1904

Anwaltskanzlei Dr. Herbert Ruscheweyh

In dem 1904 erbauten Australhaus unterhielt der Rechtsanwalt und SPD-Politiker Dr. Herbert Ruscheweyh seit Anfang der 1920er Jahre eine Kanzlei. Ruscheweyh gehörte zu den erklärten Gegnern der Nationalsozialisten und übte bis 1933 das Amt des Bürgerschaftspräsidenten aus. Er verteidigte zahlreiche politisch Verfolgte.Dr. Herbert Ruscheweyh (1892-1965), seit 1928 Mitglied des Vorstands der Hanseatischen Anwaltskammer, zählte zu den bekanntesten Rechtsanwälten der Hansestadt. Zusammen mit Dr. Max Eichholz und Dr. Ernst Häckermann unterhielt er eine Sozietät im Australhaus, Königstraße 7/9 – heute Poststraße 17/19.
1927 kandidierte Ruscheweyh erfolgreich für die Bürgerschaft. Der SPD-Abgeordnete übte von November 1931 bis März 1933 das Amt des Bürgerschaftspräsidenten aus. Ihm oblag die schwere Aufgabe, am 8. März 1933 den unter Führung der Nationalsozialisten gebildeten neuen Senat zu vereidigen. Ruscheweyh forderte rechtsstaatliche Prinzipien ein und widersetzte sich der NS-Willkür. So verlangte er als Bürgerschaftspräsident Anfang März 1933 vom Senat Aufklärung über die Verhaftung von Abgeordneten der KPD. 7_sozietaet_briefkopf_ruscheweyh2_v2

Nachdem Ruscheweyh abgesetzt und die SPD verboten worden war, übernahm er die Verteidigung von politisch Verfolgten vor dem Hanseatischen Oberlandesgericht. 1934 entzogen die Nationalsozialisten ihm die Zulassung für dieses Gericht. Sein Partner in der Sozietät, der Bürgerschaftsabgeordnete der Deutschen Demokratischen Partei (DDP) Max Eichholz, wurde als Jude verfolgt und später ermordet. Ruscheweyh hielt während der NS-Zeit Kontakt zu politischen Freunden und war über die Vorbereitung des Attentats vom 20. Juli 1944 informiert. Im Rahmen der groß angelegten Verhaftungswelle nach dem Scheitern des Attentats wurde er vom 22. August bis zum 18. September 1944 im KZ Fuhlsbüttel gefangen gehalten.
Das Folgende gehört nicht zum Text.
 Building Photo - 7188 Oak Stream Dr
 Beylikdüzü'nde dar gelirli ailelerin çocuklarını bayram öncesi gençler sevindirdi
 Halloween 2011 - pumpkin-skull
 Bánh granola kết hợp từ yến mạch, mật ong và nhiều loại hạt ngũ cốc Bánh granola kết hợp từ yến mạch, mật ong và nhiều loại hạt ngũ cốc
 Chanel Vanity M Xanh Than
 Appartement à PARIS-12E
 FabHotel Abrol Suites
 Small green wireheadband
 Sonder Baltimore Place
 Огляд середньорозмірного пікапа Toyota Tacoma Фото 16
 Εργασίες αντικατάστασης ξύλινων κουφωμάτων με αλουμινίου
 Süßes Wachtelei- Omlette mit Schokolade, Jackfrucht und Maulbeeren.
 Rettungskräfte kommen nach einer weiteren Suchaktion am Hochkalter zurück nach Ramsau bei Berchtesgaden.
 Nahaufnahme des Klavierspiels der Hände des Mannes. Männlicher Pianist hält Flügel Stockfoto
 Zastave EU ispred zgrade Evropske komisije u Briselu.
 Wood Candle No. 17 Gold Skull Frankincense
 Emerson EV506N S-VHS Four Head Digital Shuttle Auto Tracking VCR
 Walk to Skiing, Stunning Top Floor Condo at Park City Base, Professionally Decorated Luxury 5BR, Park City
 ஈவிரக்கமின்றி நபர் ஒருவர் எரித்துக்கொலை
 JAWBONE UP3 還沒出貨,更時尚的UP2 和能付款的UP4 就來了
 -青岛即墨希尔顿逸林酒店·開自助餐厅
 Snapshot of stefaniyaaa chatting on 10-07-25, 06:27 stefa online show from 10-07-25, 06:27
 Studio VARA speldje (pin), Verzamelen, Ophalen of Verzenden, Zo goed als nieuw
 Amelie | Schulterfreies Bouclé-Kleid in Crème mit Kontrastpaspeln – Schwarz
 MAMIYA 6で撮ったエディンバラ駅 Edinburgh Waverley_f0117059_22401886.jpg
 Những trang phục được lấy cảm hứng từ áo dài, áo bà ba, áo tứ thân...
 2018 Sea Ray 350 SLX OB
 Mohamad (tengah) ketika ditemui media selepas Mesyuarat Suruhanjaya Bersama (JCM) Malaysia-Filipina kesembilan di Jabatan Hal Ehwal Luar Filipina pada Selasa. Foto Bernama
Unmittelbar nach der Befreiung beteiligte sich Ruscheweyh am demokratischen Aufbau. Am 27. Februar 1946 eröffnete er als letzter demokratisch gewählter Bürgerschaftspräsident die von der britischen Militärregierung ernannte Bürgerschaft. In die Politik kehrte er jedoch nicht zurück. Er widmete sich ganz dem Aufbau eines demokratischen Rechtswesens. Nachdem er zum Präsidenten der Anwaltskammer gewählt worden war, übernahm er am 2. Januar 1946 das Amt des Vizepräsidenten des Hanseatischen Oberlandesgerichts. Am 1. Oktober 1946 wurde er Präsident des Gerichts.
Ruscheweyh amtierte von 1948 bis 1951 als Präsident des Deutschen Obergerichts für das vereinigte Wirtschaftsgebiet in Köln, wirkte an der Hamburgischen Verfassung von 1952 mit und wurde erster Präsident des Hamburgischen Verfassungsgerichts. Sein Ruf als anerkannter Jurist reichte weit über die Grenzen Hamburgs hinaus. In Anerkennung seiner Verdienste wurde ihm 1961 das Große Bundesverdienstkreuz mit Stern und Schulterband des Verdienstordens der Bundesrepublik Deutschland verliehen.